La prima volta che ho iniziato a leggere questo romanzo mi ha fatto così male che ho dovuto metterlo da parte. La storia del rapporto tra Eugénie e la figlia Marie è così intensa e straziante che a volte costringe a distogliere lo sguardo dalle pagine e prendere una pausa. Qualche mese e qualche libro dopo ho deciso di riprenderlo, perché nonostante sia tragica, la storia narrata da Cagnati ha qualcosa di magnetico, che ti attrae e ti porta con sé seguendo la vicenda di questa famiglia. Nell’intervista condotta da Laurence Paton e pubblicata in appendice al libro – che completa in modo sublime il romanzo – l’autrice afferma: “con la mia testimonianza volevo rendere meno assurde certe vite fatte solo di miseria”. Vite che, come psicologi e psicologhe, sappiamo bene essere molto più comuni di quanto si vorrebbe pensare. 

“Questo romanzo è la storia dell’amore, lancinante e assoluto, di una figlia, Marie, nata da uno stupro, per la madre, Eugénie detta Génie, che, ripudiata dalla famiglia e respinta dalla comunità dopo che ha generato una bastarda, si è murata nel silenzio e nella lontananza”. Per questo veniva chiamata da tutti “Génie la matta”, anche se non era matta, “semplicemente non parlava e non rideva”; come riflette l’autrice, etichettare il diverso come “matto” ci consente di continuare a essere noi stessi, e a considerarci “normali”. Eugénie accetta il ruolo che le viene dato, allontanandosi ai margini della società, lavorando silenziosamente e obbedientemente in campagna per quella comunità che la ripudia, crescendo come può la figlia Marie, cercando di tenerla lontana dalle sofferenze che ha dovuto vivere lei. Ma questo tentativo, disperato, fallisce; da un lato, perché finisce con il creare una distanza incolmabile tra Génie e la bambina, che cresce sola, nel silenzio della madre di cui cerca costantemente le attenzioni e l’amore. Dall’altro, perché a quella vita alla fine è impossibile sfuggire. Nonostante gli sforzi, infatti, Marie e Génie si troveranno entrambe incastrate in quella condizione di miseria, in una ripetizione continua da cui è impossibile evadere: “e poi succedevano le cose, sempre le stesse, e da quelle non ti potevi difendere, in tutte quelle sere perdute potevi solo sperare di aver la forza di sopportarle”. Il tentativo di Génie di cominciare una vita normale verrà infatti punito e vendicato violentemente dalla comunità, che la accetta solamente fintanto che lei accetta il suo ruolo di diversa. 
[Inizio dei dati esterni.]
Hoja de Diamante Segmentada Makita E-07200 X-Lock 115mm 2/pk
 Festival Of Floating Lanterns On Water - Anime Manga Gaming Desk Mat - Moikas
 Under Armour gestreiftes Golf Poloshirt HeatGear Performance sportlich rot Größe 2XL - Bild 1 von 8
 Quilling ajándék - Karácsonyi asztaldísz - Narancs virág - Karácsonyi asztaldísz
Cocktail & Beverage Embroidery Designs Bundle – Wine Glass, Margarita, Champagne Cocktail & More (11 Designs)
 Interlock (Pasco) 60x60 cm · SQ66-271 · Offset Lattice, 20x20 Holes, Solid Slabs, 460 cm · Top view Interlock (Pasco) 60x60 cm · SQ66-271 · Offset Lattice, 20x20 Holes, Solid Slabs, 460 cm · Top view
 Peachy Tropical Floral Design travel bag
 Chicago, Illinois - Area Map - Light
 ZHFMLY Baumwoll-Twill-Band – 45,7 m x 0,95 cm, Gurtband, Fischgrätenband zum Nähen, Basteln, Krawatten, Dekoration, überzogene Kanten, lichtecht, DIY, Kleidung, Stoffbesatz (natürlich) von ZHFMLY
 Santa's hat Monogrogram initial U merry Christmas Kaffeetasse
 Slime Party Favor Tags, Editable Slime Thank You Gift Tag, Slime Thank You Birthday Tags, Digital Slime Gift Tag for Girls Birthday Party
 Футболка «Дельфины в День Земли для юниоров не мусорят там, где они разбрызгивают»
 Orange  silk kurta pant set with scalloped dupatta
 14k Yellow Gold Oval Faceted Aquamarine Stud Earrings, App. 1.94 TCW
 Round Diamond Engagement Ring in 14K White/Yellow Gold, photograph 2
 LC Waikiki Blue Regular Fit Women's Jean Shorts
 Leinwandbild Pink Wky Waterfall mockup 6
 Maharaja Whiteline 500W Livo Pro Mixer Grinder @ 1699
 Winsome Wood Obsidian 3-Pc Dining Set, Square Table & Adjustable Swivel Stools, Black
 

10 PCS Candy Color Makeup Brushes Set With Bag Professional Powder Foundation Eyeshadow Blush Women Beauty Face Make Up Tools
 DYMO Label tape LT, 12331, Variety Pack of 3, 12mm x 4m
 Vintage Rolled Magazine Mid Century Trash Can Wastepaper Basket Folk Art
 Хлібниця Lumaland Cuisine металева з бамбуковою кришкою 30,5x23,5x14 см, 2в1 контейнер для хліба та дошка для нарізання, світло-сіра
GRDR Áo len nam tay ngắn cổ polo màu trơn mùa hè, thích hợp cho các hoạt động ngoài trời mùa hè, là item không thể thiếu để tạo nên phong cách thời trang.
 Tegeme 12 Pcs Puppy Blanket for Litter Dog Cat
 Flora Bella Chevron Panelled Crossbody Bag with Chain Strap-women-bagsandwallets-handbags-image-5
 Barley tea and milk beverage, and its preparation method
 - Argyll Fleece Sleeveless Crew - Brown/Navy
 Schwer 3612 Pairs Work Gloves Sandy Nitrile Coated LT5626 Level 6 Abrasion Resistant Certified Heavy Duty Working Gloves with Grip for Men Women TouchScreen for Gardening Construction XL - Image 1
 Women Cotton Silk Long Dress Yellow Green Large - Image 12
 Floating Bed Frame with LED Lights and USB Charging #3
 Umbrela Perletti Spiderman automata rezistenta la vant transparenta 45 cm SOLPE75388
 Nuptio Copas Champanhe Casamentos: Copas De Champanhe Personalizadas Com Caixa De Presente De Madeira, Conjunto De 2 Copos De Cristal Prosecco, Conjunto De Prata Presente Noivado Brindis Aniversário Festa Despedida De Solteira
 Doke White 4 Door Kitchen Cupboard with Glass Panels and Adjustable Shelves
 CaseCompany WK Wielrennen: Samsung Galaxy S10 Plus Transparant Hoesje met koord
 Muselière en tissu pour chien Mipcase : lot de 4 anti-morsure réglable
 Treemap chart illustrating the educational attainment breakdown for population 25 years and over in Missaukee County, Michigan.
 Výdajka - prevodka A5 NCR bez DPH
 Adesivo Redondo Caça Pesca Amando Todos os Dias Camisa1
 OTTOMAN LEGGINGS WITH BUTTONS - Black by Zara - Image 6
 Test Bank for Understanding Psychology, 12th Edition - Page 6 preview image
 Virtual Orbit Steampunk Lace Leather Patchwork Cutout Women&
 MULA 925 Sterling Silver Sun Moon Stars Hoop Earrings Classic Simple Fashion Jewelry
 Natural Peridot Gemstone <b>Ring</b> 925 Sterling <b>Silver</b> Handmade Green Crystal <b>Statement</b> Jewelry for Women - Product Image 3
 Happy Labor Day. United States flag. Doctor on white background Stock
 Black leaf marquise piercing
A questa vicenda fa da sfondo una natura che sa essere un luogo in cui rifugiarsi e grazie a cui immaginare scenari lontani e diversi, ma che si rivela anche spietata e indomabile. 

Con un linguaggio semplice e diretto, limpido come il pensiero dei bambini e duro come la terra spaccata dalla siccità, Cagnati racconta la storia di queste donne nella sua banale tragicità, dipingendo nella mente del lettore immagini vivide che rimangono impresse come solchi profondi. 

Tre parole che rimangono

Tenerezza: per la piccola Marie, che correva “con tutta la forza delle mie gambette, col cuore che faceva il matto, per riacchiapparla. A volte si fermava per un istante. Io rallentavo per riposarmi un po’, raggiante verso di lei che mi aspettava. Si rimetteva sempre in cammino prima che riuscissi a raggiungerla. Ricominciavo a correre fissando la sua schiena”. 

Tenacia: la determinazione di Eugenie, che nonostante essere stata allontanata dalla famiglia e dalla società continua giorno dopo giorno, silenziosamente, a lavorare per garantire alla figlia una vita migliore e provare a riscattarsi, dovendosi alla fine arrendere a un destino da cui sembra impossibile affrancarsi. 

Silenzio: i dialoghi tra Génie e la figlia sono pochi e brevissimi, più spesso solo immaginati da Marie che vorrebbe urlare il suo amore alla madre ma lo tiene per sé, consapevole che il suo grido non sarebbe accolto: “Mi piombava addosso la tristezza. Avevo voglia di andarle vicino e dirle che le volevo bene. Ma lei avrebbe detto <<Và via di qua>>. Mi accontentavo di guardarla”.

Non ci resta che...

Lasciarci trasportare dal ritmo delle stagioni in questa storia che non lascia scampo a nessuno.